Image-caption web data
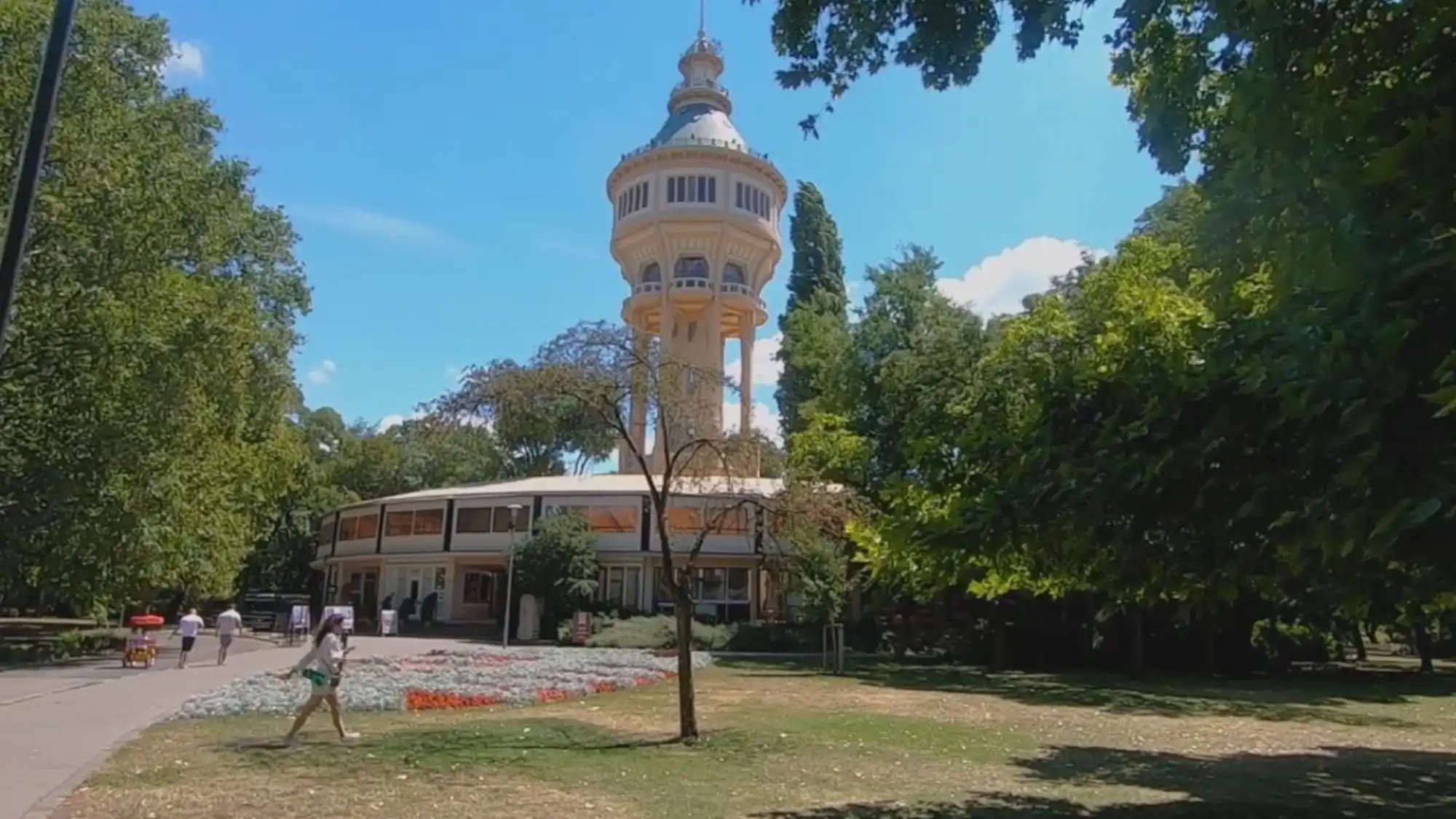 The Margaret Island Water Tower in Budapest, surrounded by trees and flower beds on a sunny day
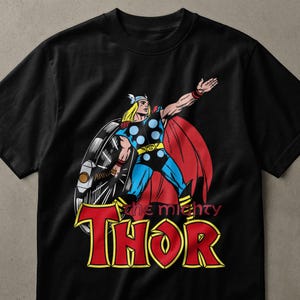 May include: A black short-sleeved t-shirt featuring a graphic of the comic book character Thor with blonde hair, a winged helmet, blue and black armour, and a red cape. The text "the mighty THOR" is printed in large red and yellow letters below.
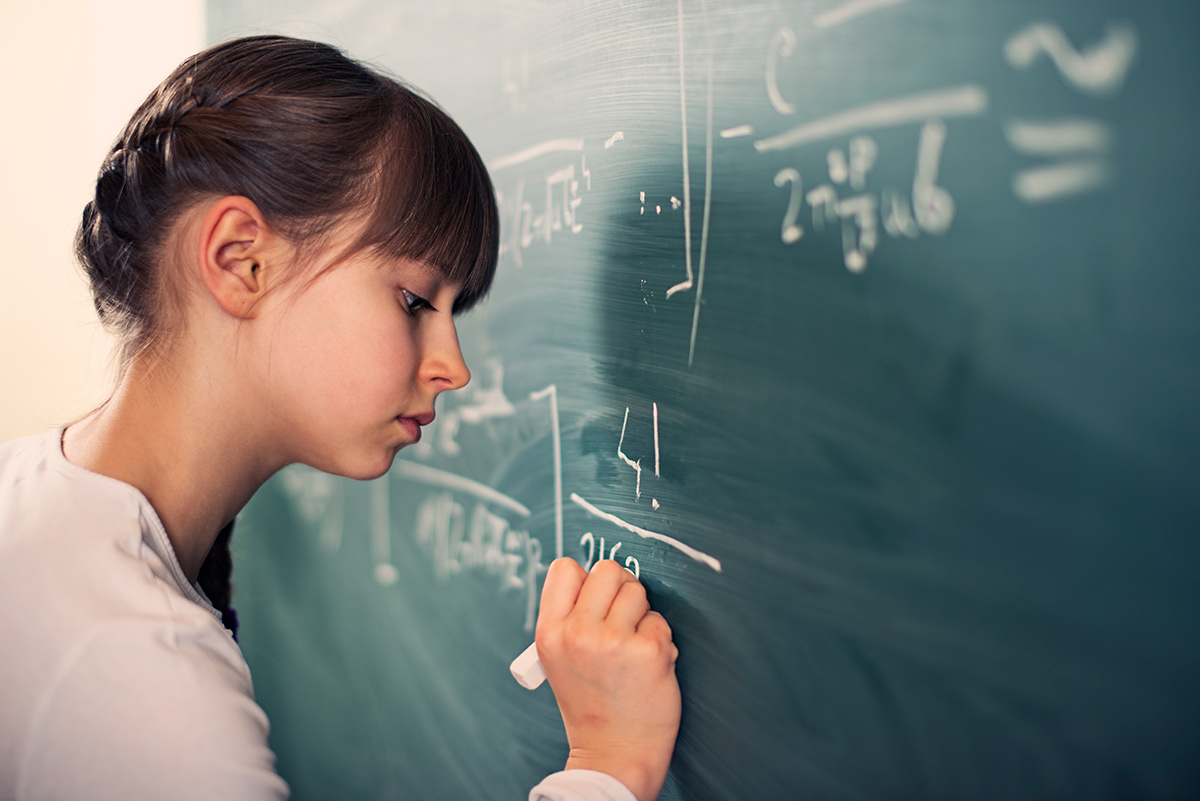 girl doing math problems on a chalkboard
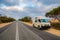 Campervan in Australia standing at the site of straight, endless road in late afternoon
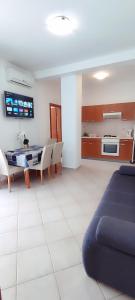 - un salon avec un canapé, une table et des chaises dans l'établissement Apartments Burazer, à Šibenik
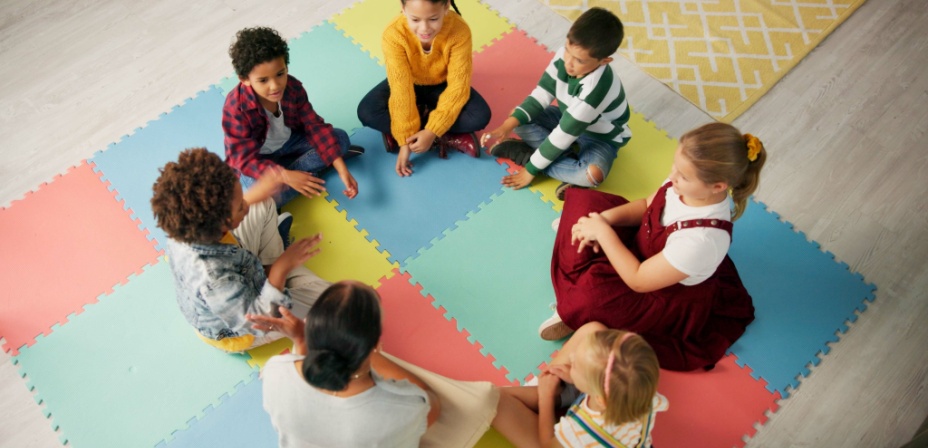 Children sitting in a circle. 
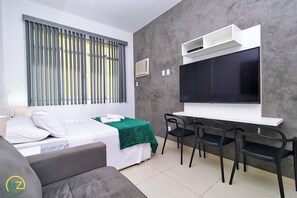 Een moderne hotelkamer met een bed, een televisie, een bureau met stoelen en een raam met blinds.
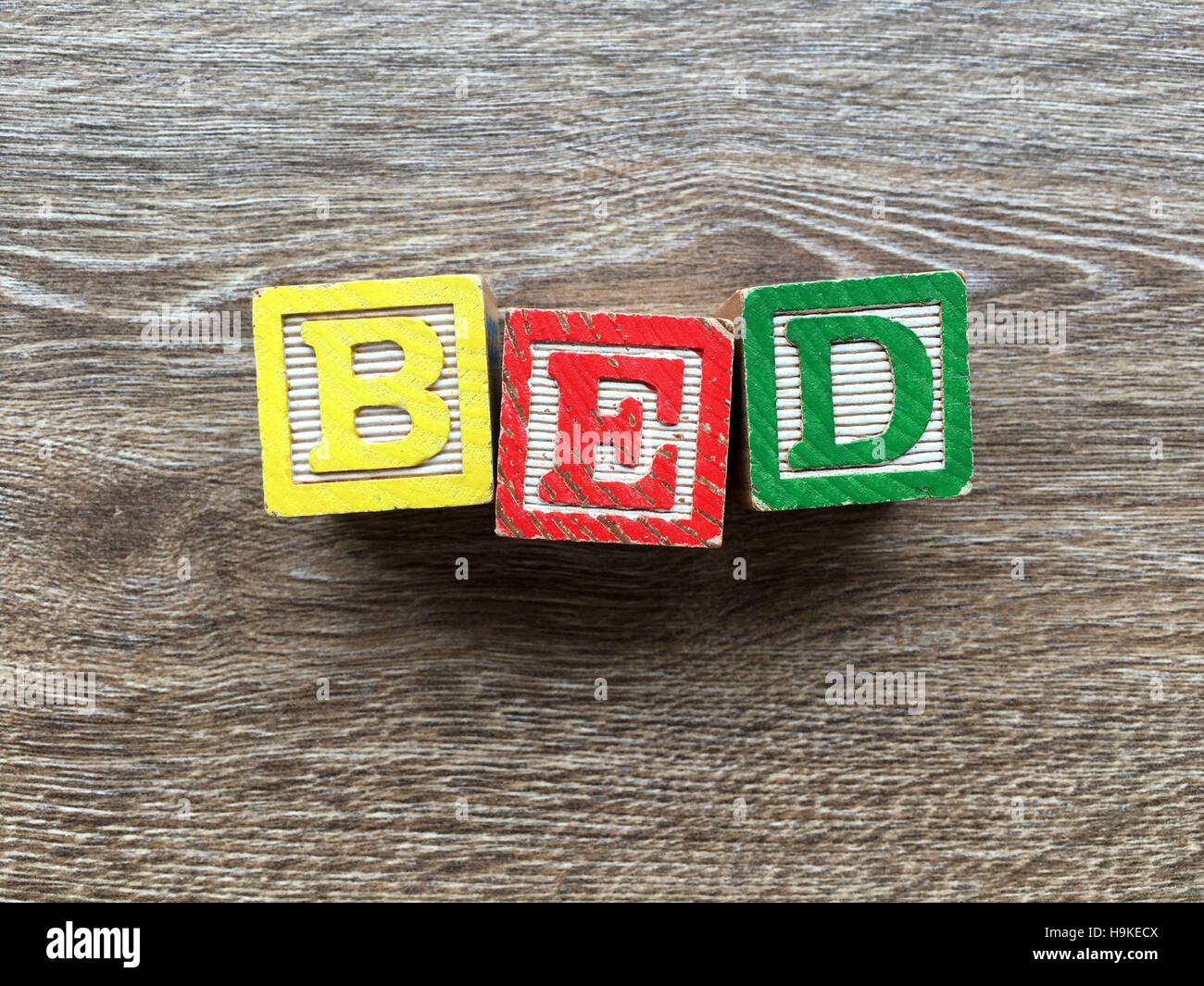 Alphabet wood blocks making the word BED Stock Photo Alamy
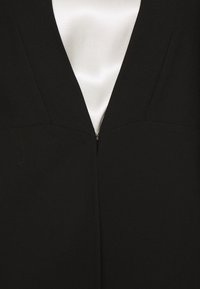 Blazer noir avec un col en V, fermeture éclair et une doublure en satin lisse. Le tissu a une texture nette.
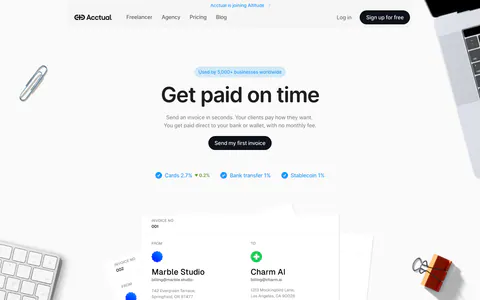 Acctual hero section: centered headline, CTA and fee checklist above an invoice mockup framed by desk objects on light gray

▸ **Try it**: Please return only the lines from the top of the data through the line with "Children sitting in a circle.", exactly as written, and drop every picture.

▸ **Problem solution**:
 The Margaret Island Water Tower in Budapest, surrounded by trees and flower beds on a sunny day
 May include: A black short-sleeved t-shirt featuring a graphic of the comic book character Thor with blonde hair, a winged helmet, blue and black armour, and a red cape. The text "the mighty THOR" is printed in large red and yellow letters below.
 girl doing math problems on a chalkboard
 Campervan in Australia standing at the site of straight, endless road in late afternoon
 - un salon avec un canapé, une table et des chaises dans l'établissement Apartments Burazer, à Šibenik
 Children sitting in a circle. 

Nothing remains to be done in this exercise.